_TASK_
For each record below, retype the text exactly and omit any image.

_DATA_
──────
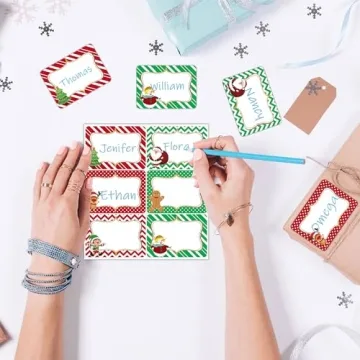 Wonmon Christmas Gift Tags Stickers - 300 PCS Value Pack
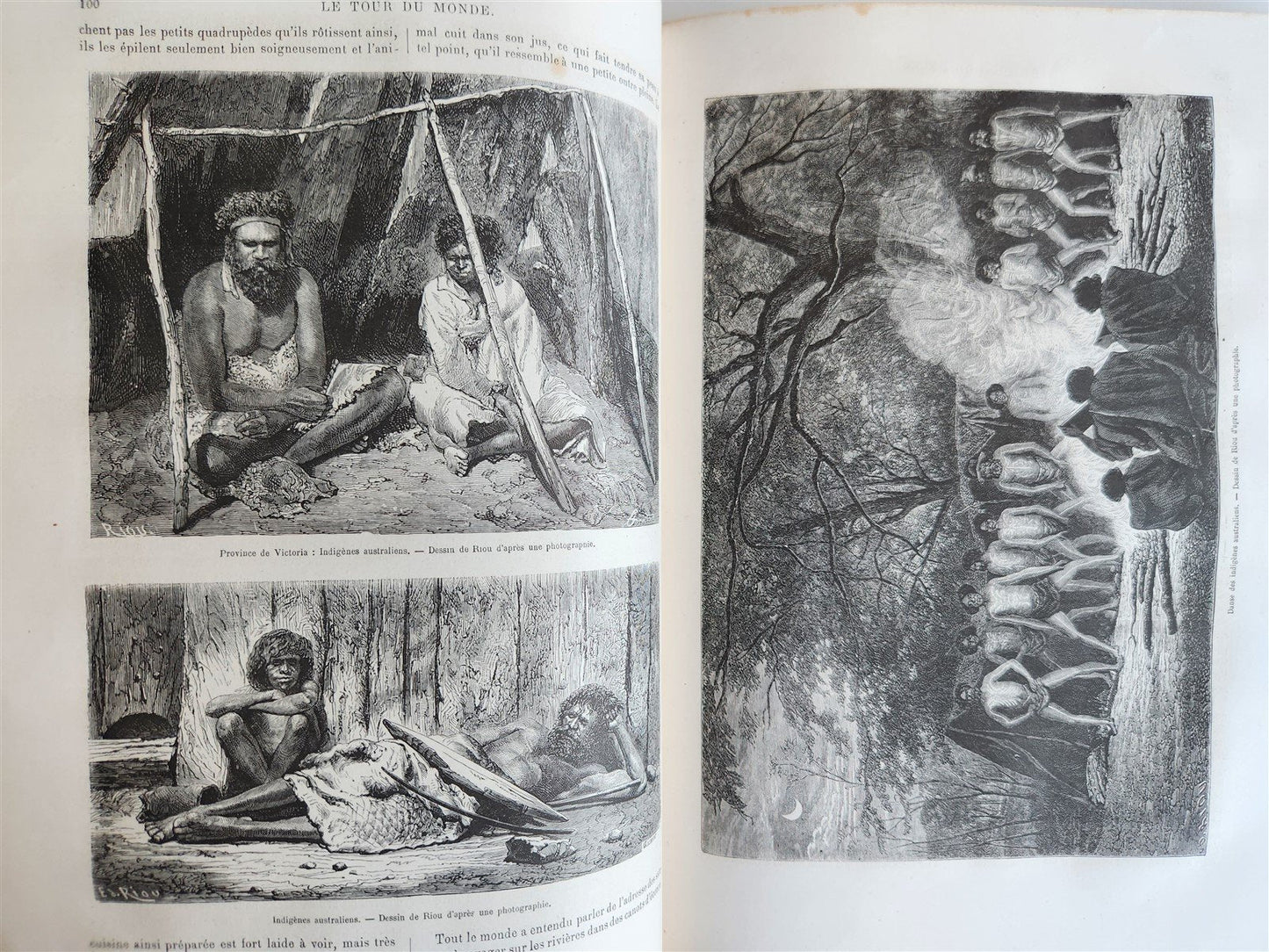 1861 HISTORY of VOYAGES ILLUSTRATED antique USA CANADA SENEGAL AUSTRALIA TRAVELS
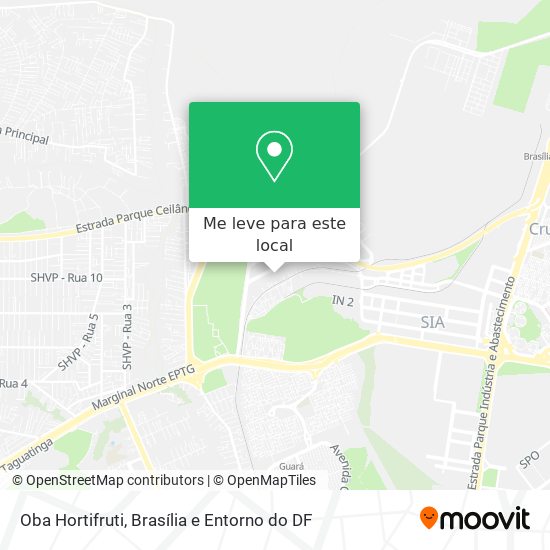 Oba Hortifruti mapa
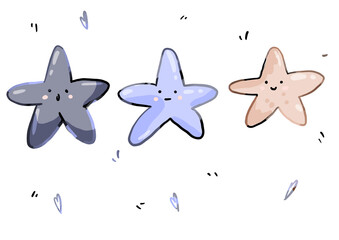 Stars Clip Art Cute Stars Clip Art Stars doodle Stars Hand Drawn Stars Icon Stars kawaii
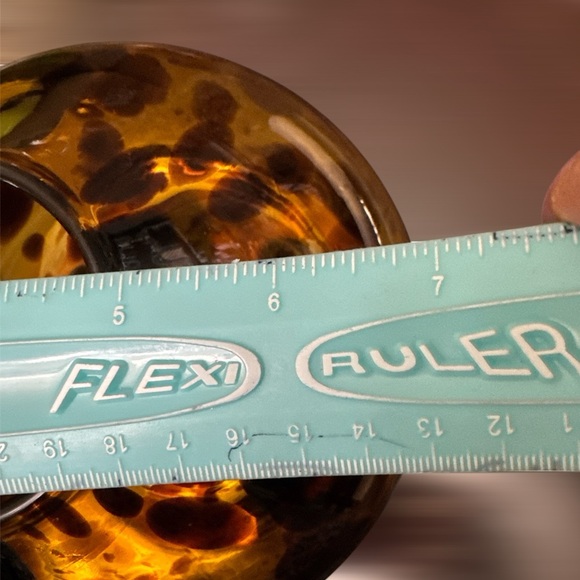 VINTAGE HANDBLOWN GLASS VASE - Picture 8 of 8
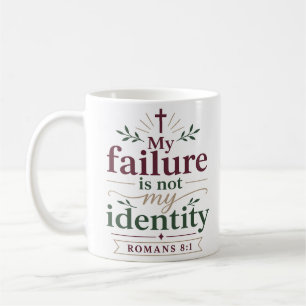 Mug Ma défaillance n'est pas mon identité Vérité bibli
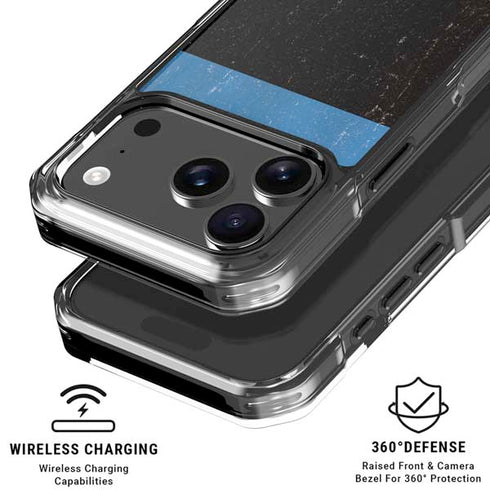 Estonia Flag Distressed iPhone 18 Pro Clear Case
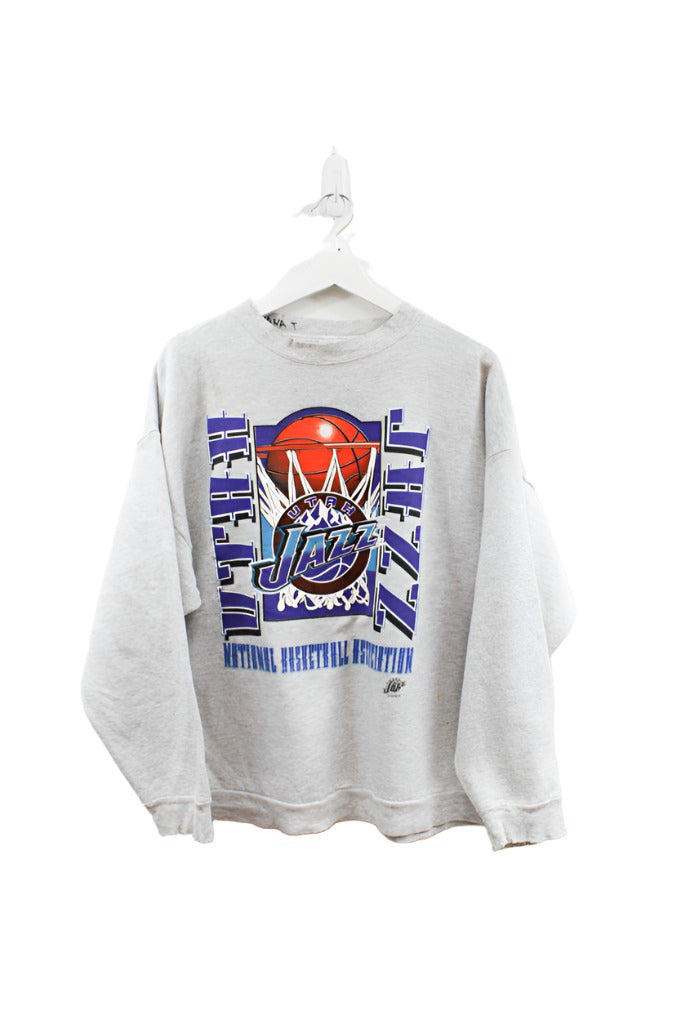 Z - Vintage Logo 7 NBA Utah Jazz Graphic Crewneck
──────
_RESPONSE BELOW_
 Wonmon Christmas Gift Tags Stickers - 300 PCS Value Pack
 1861 HISTORY of VOYAGES ILLUSTRATED antique USA CANADA SENEGAL AUSTRALIA TRAVELS
 Oba Hortifruti mapa
 Stars Clip Art Cute Stars Clip Art Stars doodle Stars Hand Drawn Stars Icon Stars kawaii
 VINTAGE HANDBLOWN GLASS VASE - Picture 8 of 8
 Mug Ma défaillance n'est pas mon identité Vérité bibli
 Estonia Flag Distressed iPhone 18 Pro Clear Case
 Z - Vintage Logo 7 NBA Utah Jazz Graphic Crewneck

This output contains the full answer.